I have devised and built and successfully tested a programmable dwarven computer. As opposed to the legends of the older days, who decided to built a _fully_ programmable computer, i wisely decided to pick a language that's easy to program in, and found -
hq9+!
Yes, it is a joke language. Consequently, the entire computer is a cheap if somewhat elaborate joke.
hq9+ has several advantages: it does everything it does with a mere four instructions, and requires nothing but the instruction list as input. No declaration of variables, no data structures, no true-or-false decisions. And it can do all the things typically done when demonstrating the capabilities of a freshly-minted programming language: it can print "Hello World", it can add one to the accumulator, it can print its source code and it can print the text of "99 bottles of beer".
It can do absolutely nothing else, but what else do you really need?
So, investing a few dwarf years and about 600 mechanisms, i built a dwarven computer which reads and executes hq9+ programs. It runs programs consisting of exactly eight instructions. Non-input is not admissible, the interpreter treats it as a "h" instruction but it makes the "q" output inaccurate.
The complete display before the testing run, with the test program already entered.

The bridge array in the middle is already set to the actual source code, the retracted bridge corresponds to
h+
q9
in each cell; however, the source is not being output - the bridges to the north and south are all raised and thus the dwarfs cannot read it.
The hatch in the south is the indicator from the accumulator, it gets opened for about 100 steps everytime one gets added.
Program input and regulator:

One individual lever for each of the four possible instructions and each of the eight positions within the program. Only one instruction per position.
The bauxite lever advances the program execution by one position every time it is pulled.
The petrified wood bridge to the east lifts and lowers once every time the program has been executed in full.
So, let's run the program! First instruction: "h"

Yay! The computer printed "Hallo WELT"!
Admittedly, it's not easy to recognise it as such, even when told what it's supposed to be. I found it quite bad enough that it took 28 link jobs just to get this shitty thing to retract/extend, i wasn't going to kill my brain by creating a display needing a hundred or more.
Second instruction: "q"

The extended cobaltite bridge signifies that the raising bridges are all lowered, so dwarfs can go and read the source code. "q" successfully executed.
Third instruction: "9"

"99 !", i.e. ninety-nine flasks (of booze) are clearly printed. Yay! The cobaltite bridge to the north-east is no longer visible - the source code display is no longer accessible.
Fourth instruction: "+"

One has been added to the accumulator, therefore the hatch cover has temporarily opened.
The actual interpreter looks like this:

The biggest part is the input reader to the left, a loop of eight reading cells.


The cart comes from the east, passes two of the three roller switches (resulting in a four-way split) and is sent back and forth over a pressure plate by a pair of opposing rollers, sending the signal corresponding to the instruction at the current location to one of the four outputs.

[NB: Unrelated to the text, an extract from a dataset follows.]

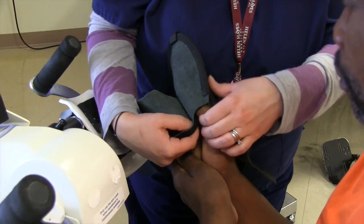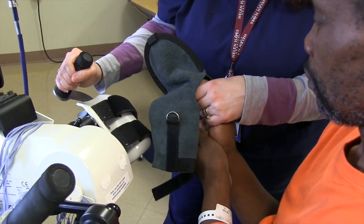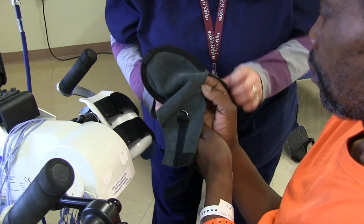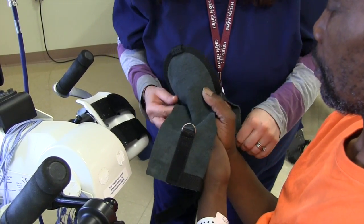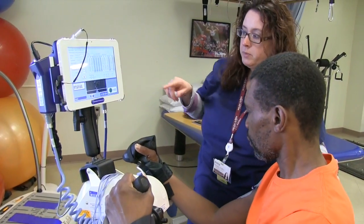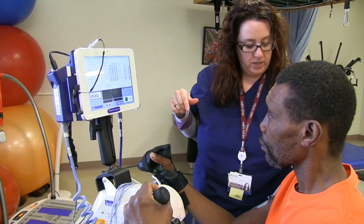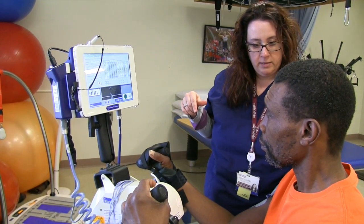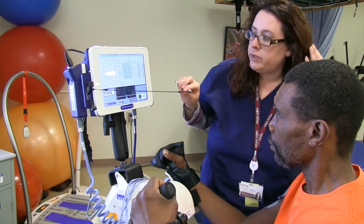I'm putting this mitt on him just to help him grip the handle better. Since his grip is a little on the weaker side, this just helps keep his hand on there. I'm going to put the electrical stem up on every muscle that I put the electrode on, so just let me know if it's too much or too little.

When the next instruction is to be read, the "exit" roller is deactivated and the cart proceeds to the next cell.
Three of the four outputs simply lower/extend a bunch of bridges, thus they're simply powered NOT gates: a 2x2 round track holding down a pressure plate unless a signal comes from one of the inputs and disengages the powering mechanism.
The fourth output is the accumulator:

A perpetual-motion counter circuit, which simply returns to its original state whenever it receives an advancement signal. Ramps in the three-part angled pit in the west are E-W, NSE (with hatch cover operated by the "+" signal), and north a NS ramp under a closed ceiling. There's a half-covered EW pit to the east, although a ramp with wall would have worked as well.
When the hatch is closed, the cart bounces back and forth in the angled pit, between the northern wall and the closed hatch cover. When the hatch opens, the cart exits south, goes through the southern loop and is fed back into the angled pit, which it will pass in a straight e-w line back and forth until the hatch cover closes again.
The basic design is that of a counter but here, adding one to the counter just returns the counter to its previous state. That's because this is a _unary_ counter with a memory capacity of one unit. The held information never changes, but for demonstration purposes i've added a signal whenever it receives an advancement signal.